YOUR OBJECTIVE. Write the following entries out again exactly, skipping each image.

STORED DATA.
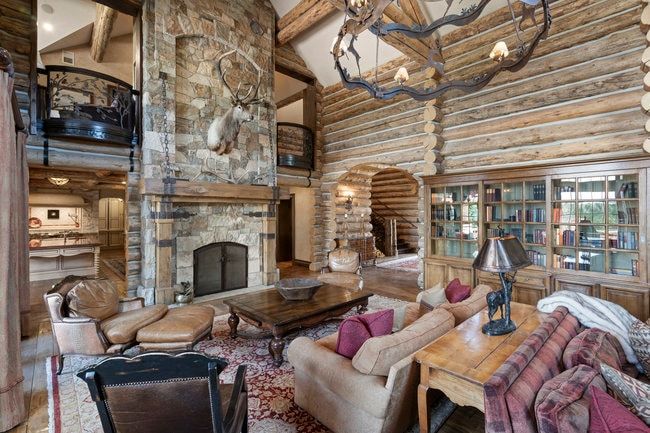 Grand living space featuring an impressive stone fireplace with a wood mantle, log wall construction, a built-in bookcase with glass doors, and a custom wrought iron chandelier
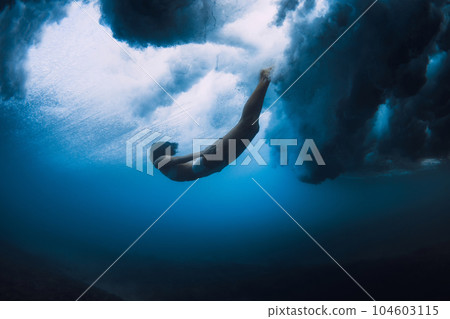 Surfer girl dive underwater with ocean powerful and dangerous wave. 104603115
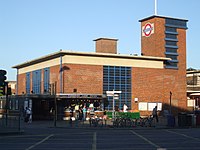A brown-bricked building with a rectangular, dark blue sign reading "TURNPIKE LANE STATION" in white letters all under a blue sky
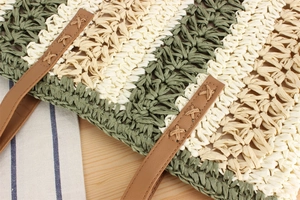 Detail of green and beige paper rope weave with leather handle and X-pattern stitching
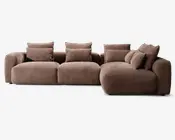 Moderne hjørnesofa med chaiselong til højre, betrukket med tekstureret brunt stof. Sofaen har brede, afrundede armlæn og bløde, fyldige sæde- og ryghynder for ekstra komfort. Inkluderer flere matchende pyntepuder for ekstra støtte og et hyggeligt udtryk. Designet er lavt og har et moderne, indbydende look.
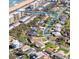 Panoramic aerial view of a coastal community with nearby beach access and well-maintained streets at 24 Sea Gull Dr, Ormond Beach, FL 32176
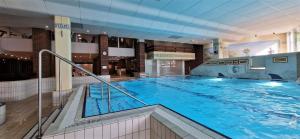 a large swimming pool in a large building at Pools, Sauna und Balkon mit Panoramablick in Sankt Englmar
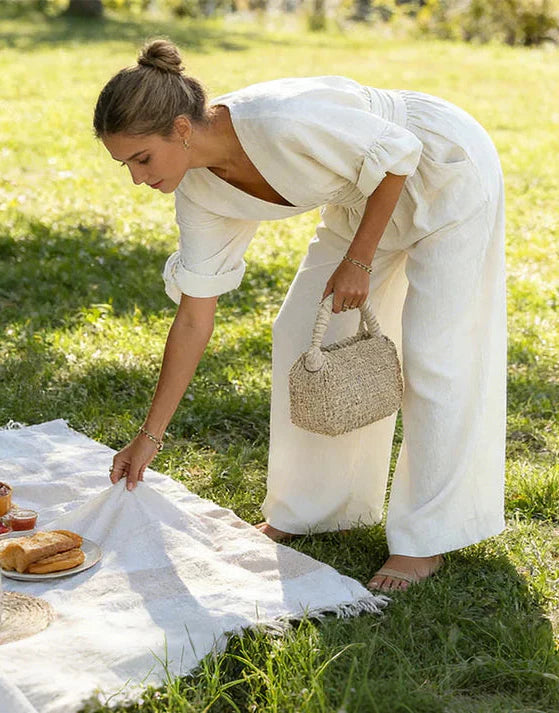 Combinaison élégante Daniela de Danoir Paris en blanc, avec décolleté en V et jambes larges, portée par un mannequin.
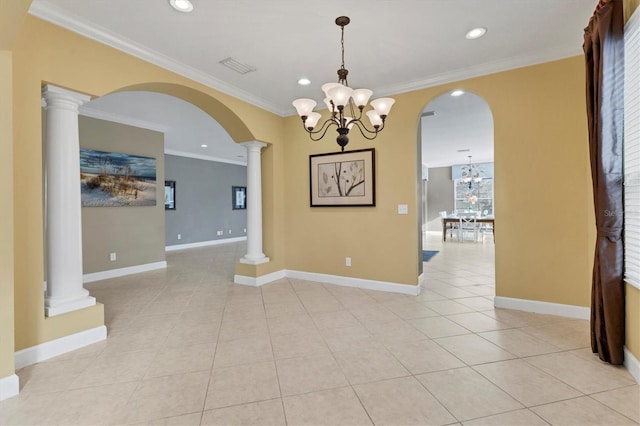 tiled empty room featuring decorative columns, crown molding, and a chandelier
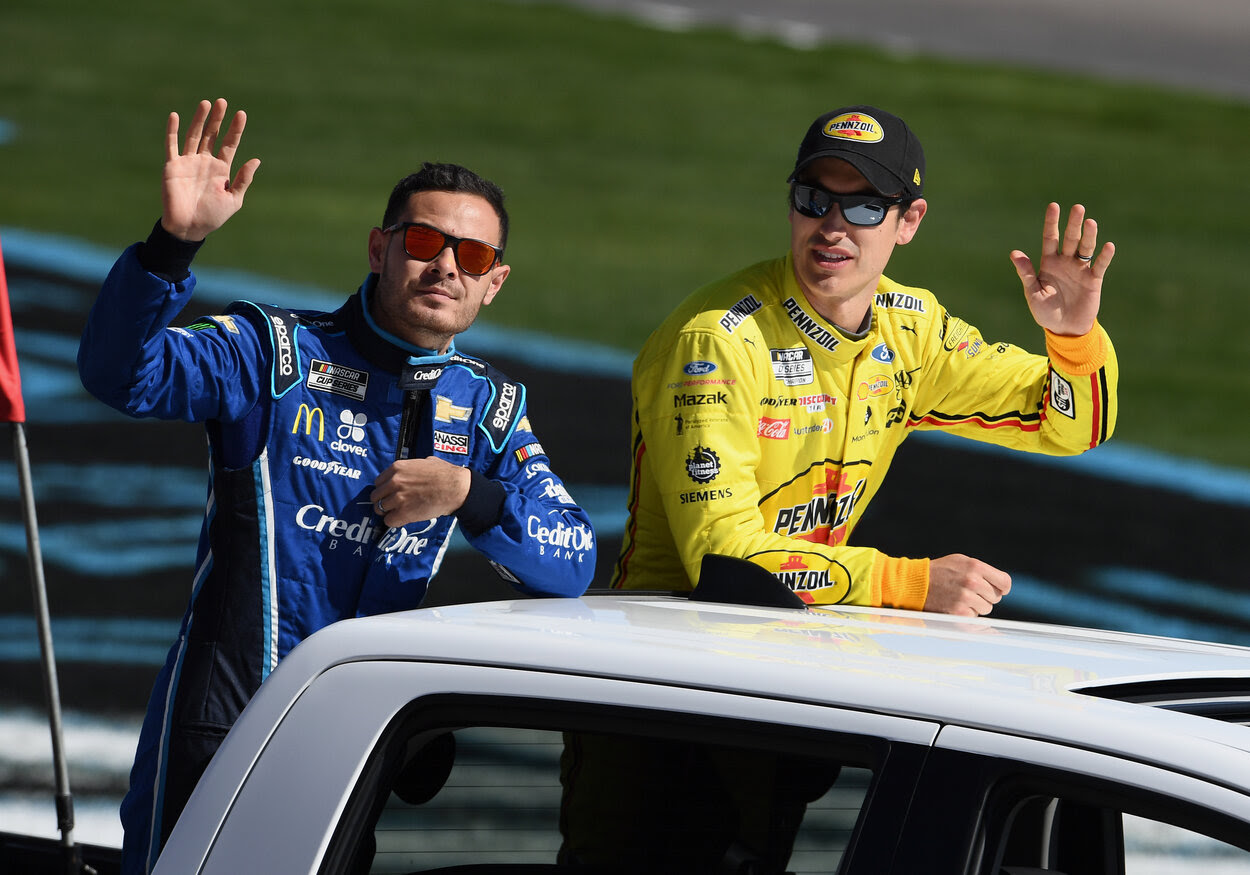 NASCAR drivers Kyle Larson (L) and Joey Logano in 2020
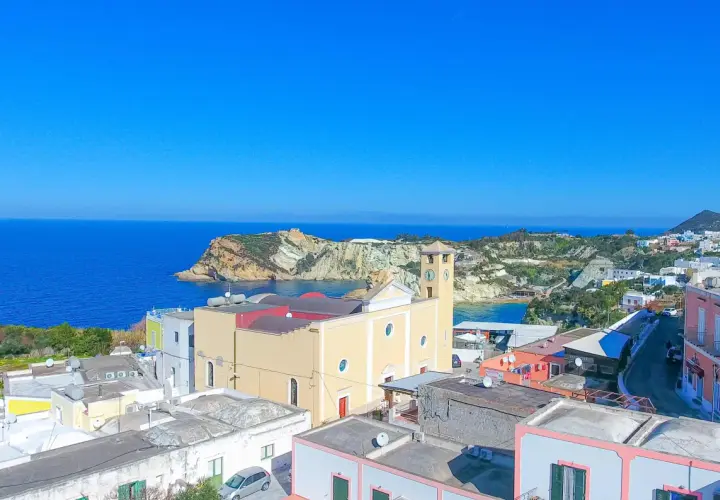 Vista panoramica dell'isola di Ponza con case colorate, una chiesa con campanile e il mare blu intenso.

COMPLETED TASK.
 Grand living space featuring an impressive stone fireplace with a wood mantle, log wall construction, a built-in bookcase with glass doors, and a custom wrought iron chandelier
 Surfer girl dive underwater with ocean powerful and dangerous wave. 104603115
A brown-bricked building with a rectangular, dark blue sign reading "TURNPIKE LANE STATION" in white letters all under a blue sky
 Detail of green and beige paper rope weave with leather handle and X-pattern stitching
 Moderne hjørnesofa med chaiselong til højre, betrukket med tekstureret brunt stof. Sofaen har brede, afrundede armlæn og bløde, fyldige sæde- og ryghynder for ekstra komfort. Inkluderer flere matchende pyntepuder for ekstra støtte og et hyggeligt udtryk. Designet er lavt og har et moderne, indbydende look.
 Panoramic aerial view of a coastal community with nearby beach access and well-maintained streets at 24 Sea Gull Dr, Ormond Beach, FL 32176
 a large swimming pool in a large building at Pools, Sauna und Balkon mit Panoramablick in Sankt Englmar
 Combinaison élégante Daniela de Danoir Paris en blanc, avec décolleté en V et jambes larges, portée par un mannequin.
 tiled empty room featuring decorative columns, crown molding, and a chandelier
 NASCAR drivers Kyle Larson (L) and Joey Logano in 2020
 Vista panoramica dell'isola di Ponza con case colorate, una chiesa con campanile e il mare blu intenso.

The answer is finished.